### [To do]
Could the data below be copied exactly, minus the pictures?

### [Dataset extract]
[Start of Attachment]

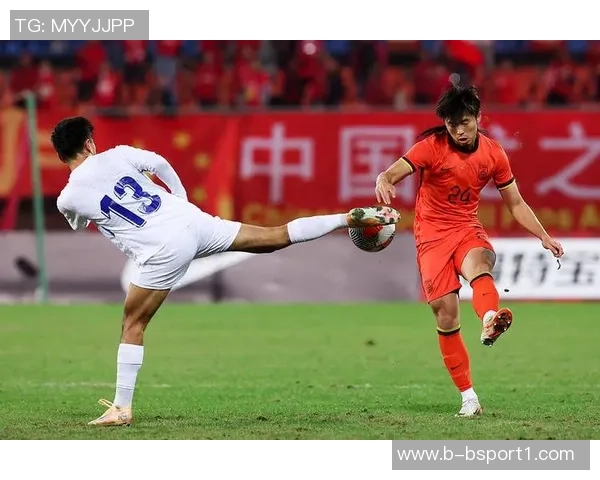 国足备战乌兹别克斯坦淘汰赛媒体人强调全神贯注是关键 国足备战乌兹别克斯坦淘汰赛媒体人强调全神贯注是关键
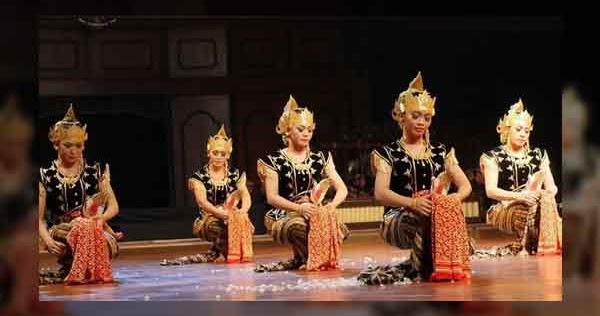 Perkembangan Tari Kelompok Kreasi Nonetnik Tempat Setempat Munaz Bagus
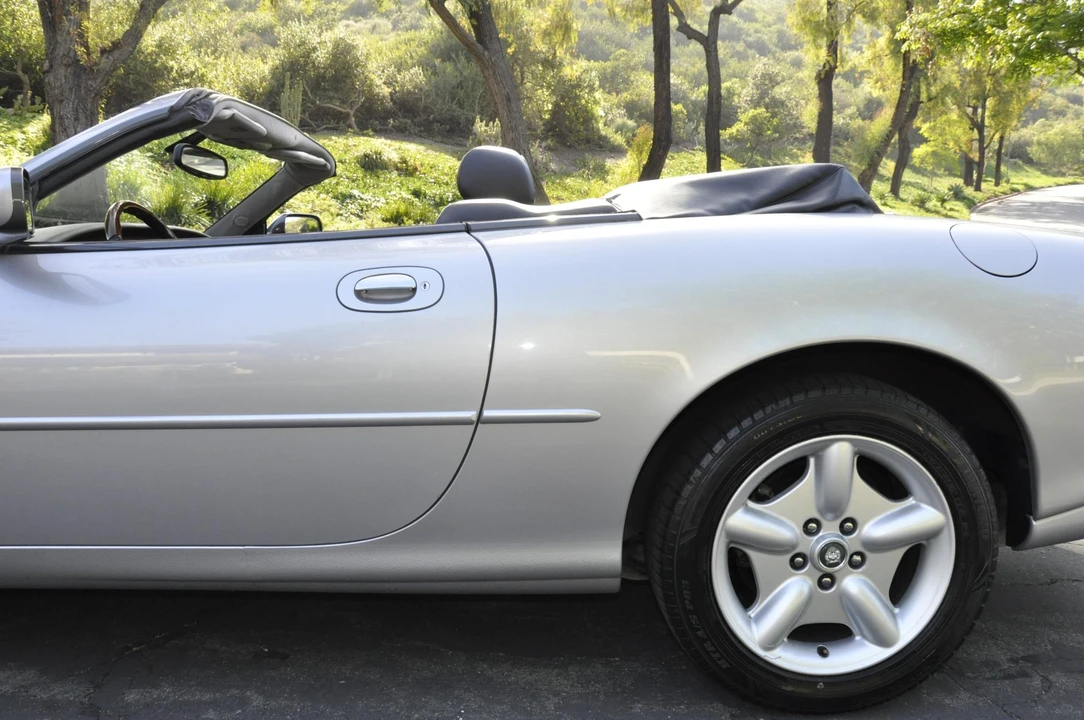 2001 Jaguar X100 XK8 - Image 21 of 31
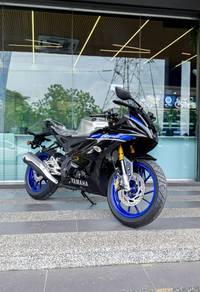 Yamaha R15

[End of Attachment]

### [Answer below]
 国足备战乌兹别克斯坦淘汰赛媒体人强调全神贯注是关键 国足备战乌兹别克斯坦淘汰赛媒体人强调全神贯注是关键
 Perkembangan Tari Kelompok Kreasi Nonetnik Tempat Setempat Munaz Bagus
 2001 Jaguar X100 XK8 - Image 21 of 31
 Yamaha R15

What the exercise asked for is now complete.